Het College heeft het beroep van eiseres in zoverre ongegrond verklaard.
6. Voor het overige verwijst de rechtbank naar de gedingstukken.
7. In geschil is of eiseres in 2010 en 2011 de innovatiebox mag toepassen voor het bepalen van de belastbare winst, hetgeen eiseres betoogt en verweerder betwist.
8. Eiseres stelt dat een S&O-verklaring is afgegeven en dat zij daarom, ondanks dat het aantal S&O-uren in 2010 en 2011 met terugwerkende kracht op nihil is bepaald, de innovatiebox mag toepassen. Subsidiair betoogt eiseres dat indien er geen geldige S&O-verklaring meer is, op grond van de vrije bewijsleer de S&O-werkzaamheden aannemelijk gemaakt kunnen worden, en daarmee toegang tot de innovatiebox verkregen kan worden, meer subsidiair beroept zij zich op de vaststellingsovereenkomst. Eiseres concludeert tot gegrondverklaring van de beroepen, vernietiging van de navorderingsaanslag vpb 2010, en vermindering van het belastbare bedrag vpb 2011 tot € 188.883, en tot een proceskostenvergoeding.

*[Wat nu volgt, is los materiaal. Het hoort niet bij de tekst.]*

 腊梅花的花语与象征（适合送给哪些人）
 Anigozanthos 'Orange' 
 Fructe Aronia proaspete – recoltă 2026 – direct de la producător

9. Verweerder concludeert dat eiseres niet aan de voorwaarden van artikel 12b van de Wet op de vennootschapsbelasting 1969 voldoet en dat een redelijke uitleg van de gesloten vaststellingsovereenkomst meebrengt dat, nu de S&O-uren op nihil zijn gesteld, daaraan door eiseres geen rechten kunnen worden ontleend. Subsidiair betoogt verweerder dat het innovatiebox voordeel op een lager bedrag moet worden vastgesteld dan eiseres stelt. Verweerder concludeert tot ongegrondverklaring van het beroep.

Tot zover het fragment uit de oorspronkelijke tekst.